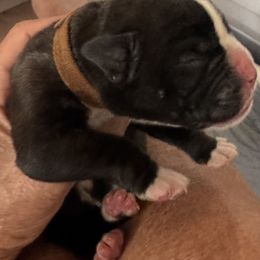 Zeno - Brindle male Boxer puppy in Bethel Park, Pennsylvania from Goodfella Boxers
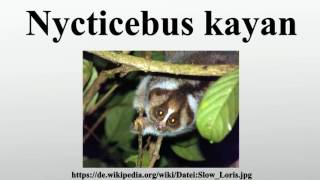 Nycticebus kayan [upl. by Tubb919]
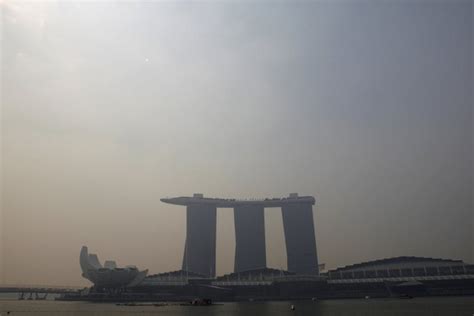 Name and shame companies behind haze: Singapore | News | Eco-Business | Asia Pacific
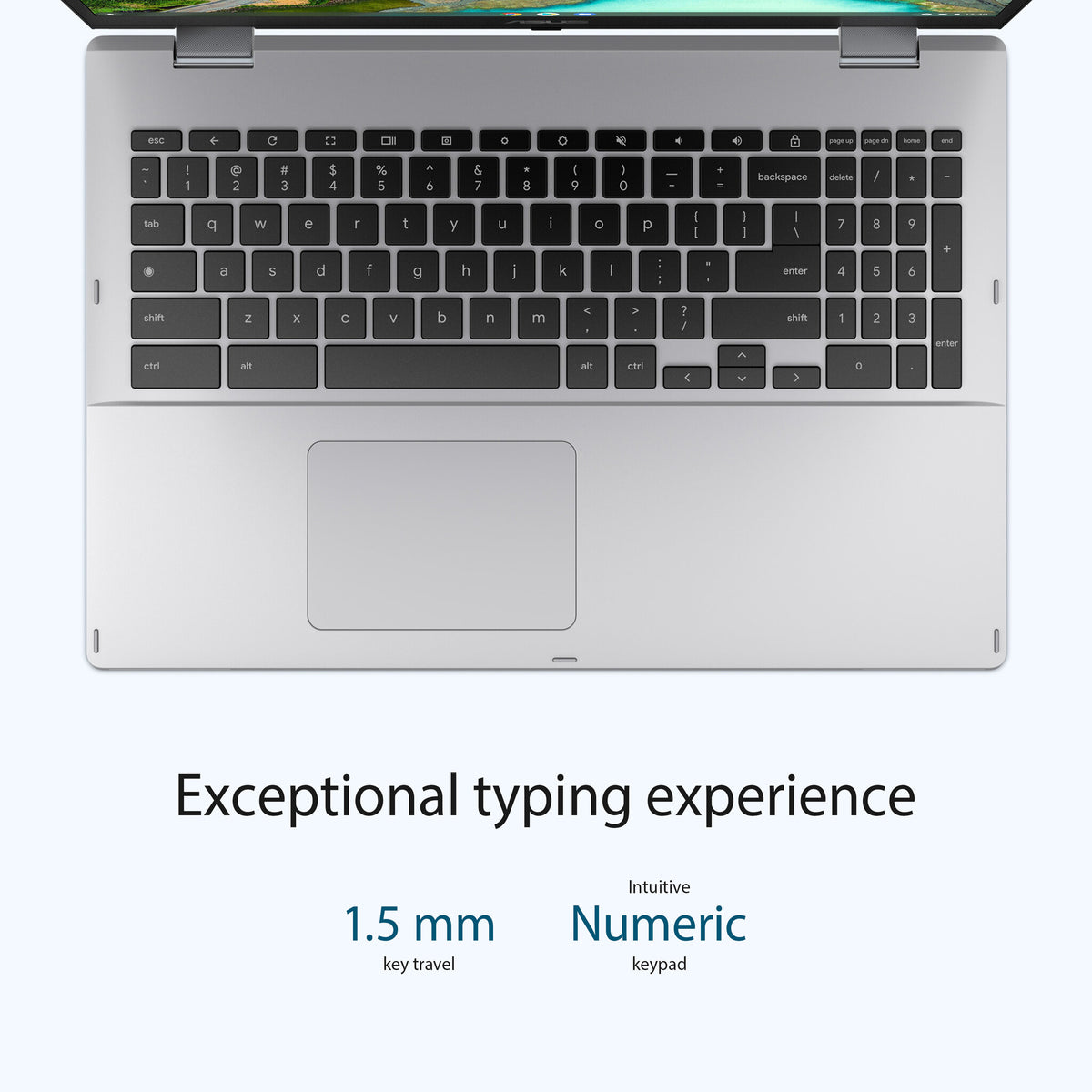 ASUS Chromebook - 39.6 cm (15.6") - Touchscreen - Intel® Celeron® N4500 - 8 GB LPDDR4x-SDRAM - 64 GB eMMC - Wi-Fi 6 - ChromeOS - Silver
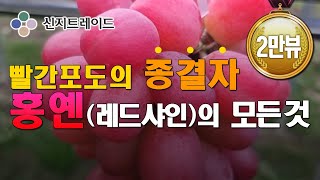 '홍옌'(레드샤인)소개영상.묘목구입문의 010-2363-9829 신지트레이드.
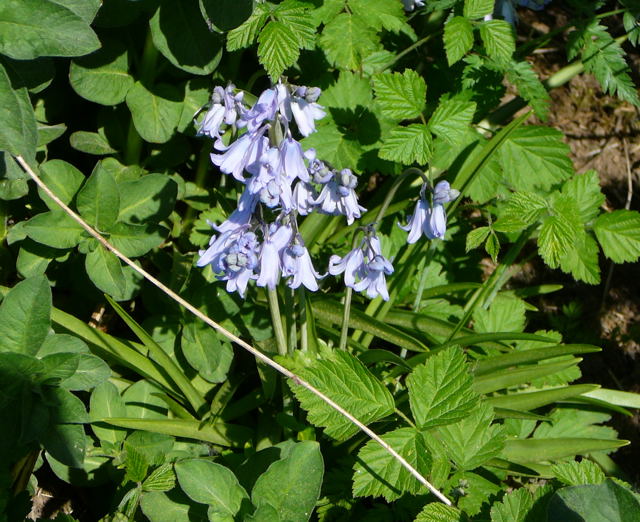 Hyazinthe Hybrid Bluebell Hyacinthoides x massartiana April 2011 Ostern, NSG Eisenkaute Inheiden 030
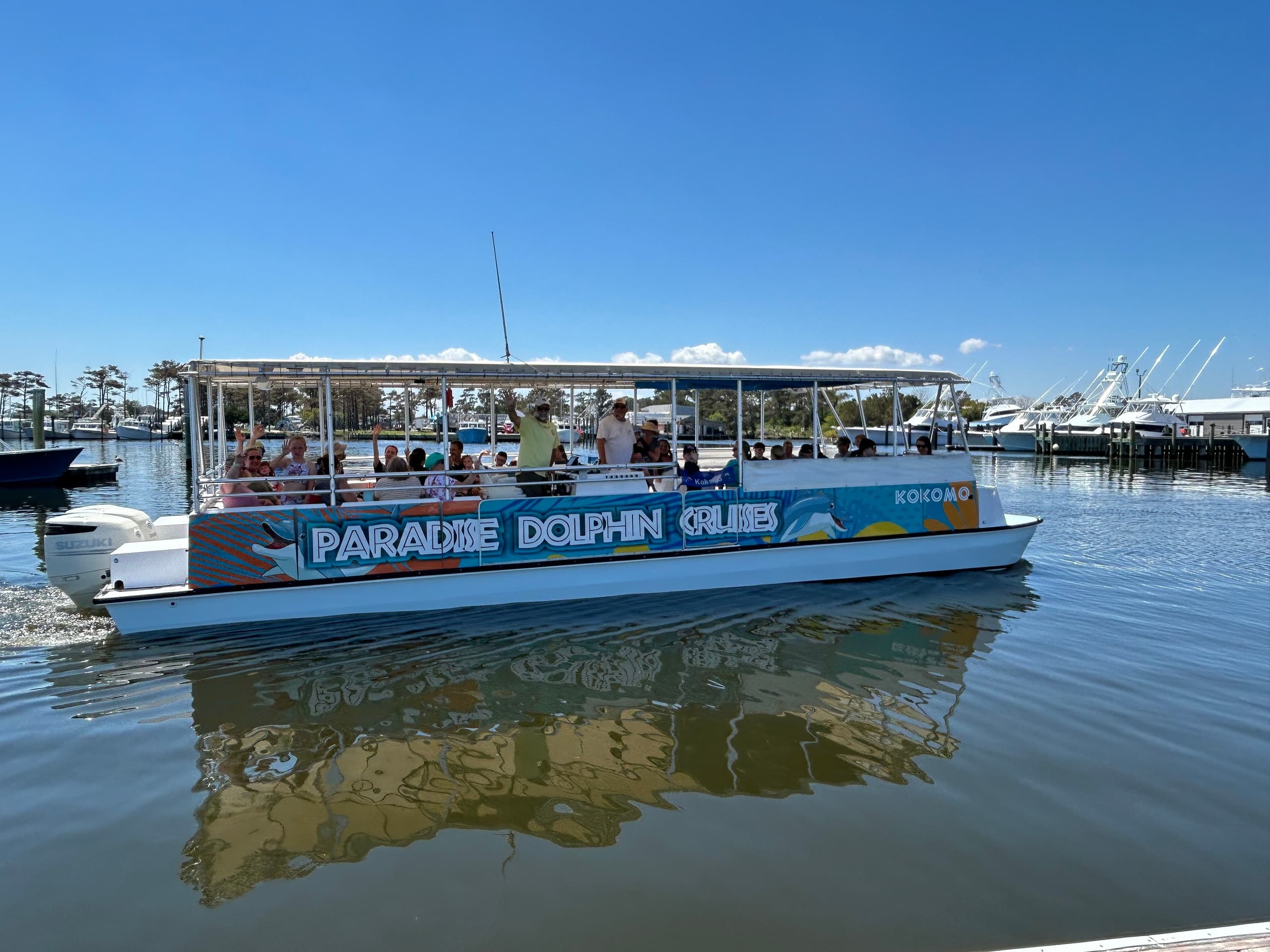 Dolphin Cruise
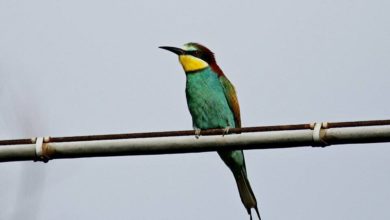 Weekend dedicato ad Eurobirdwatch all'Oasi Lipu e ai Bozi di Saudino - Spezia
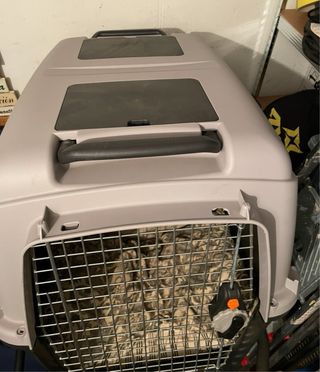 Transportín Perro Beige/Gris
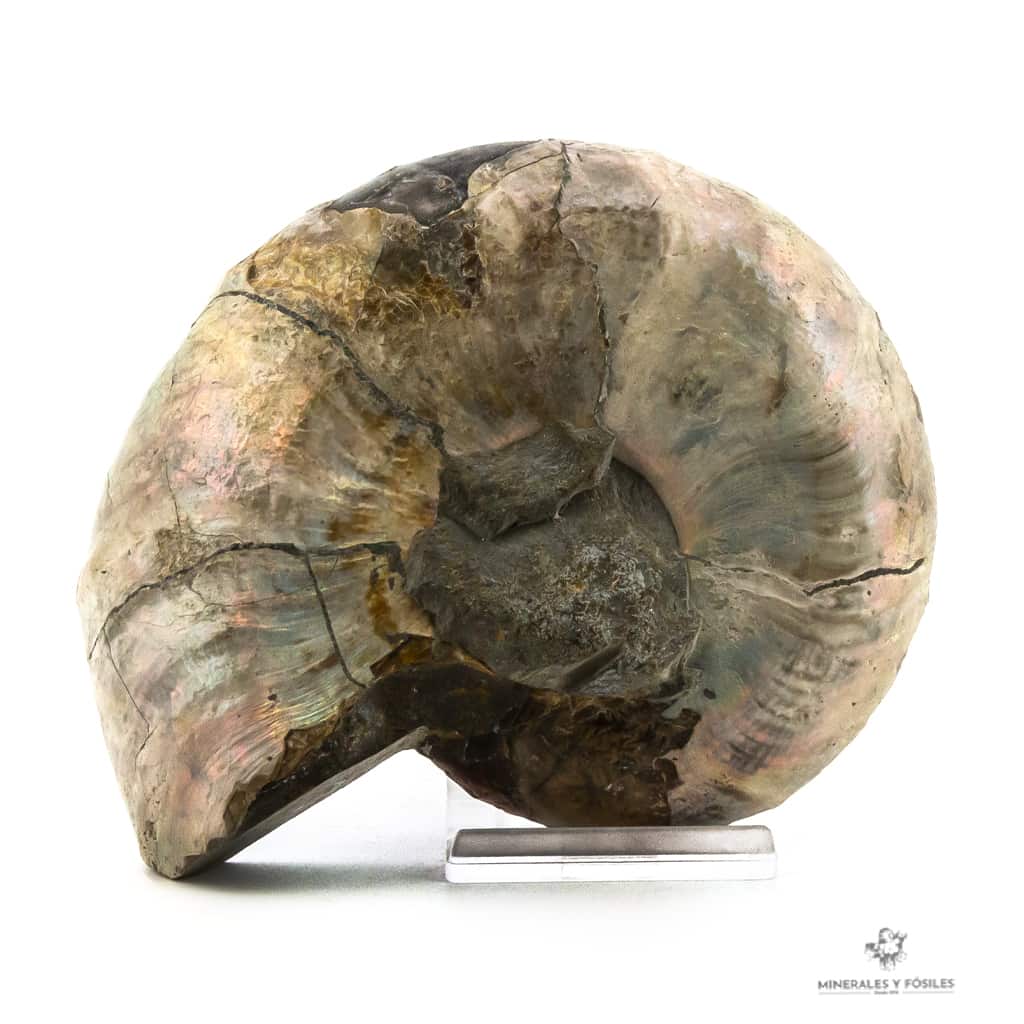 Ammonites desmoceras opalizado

## PROMPT
Write out exactly the lines from the line holding "Weekend dedicato ad" through the last line of the records above, inclusive, and nothing more. Leave out the pictures.

## SOLVED PROBLEM
 Weekend dedicato ad Eurobirdwatch all'Oasi Lipu e ai Bozi di Saudino - Spezia
 Transportín Perro Beige/Gris
 Ammonites desmoceras opalizado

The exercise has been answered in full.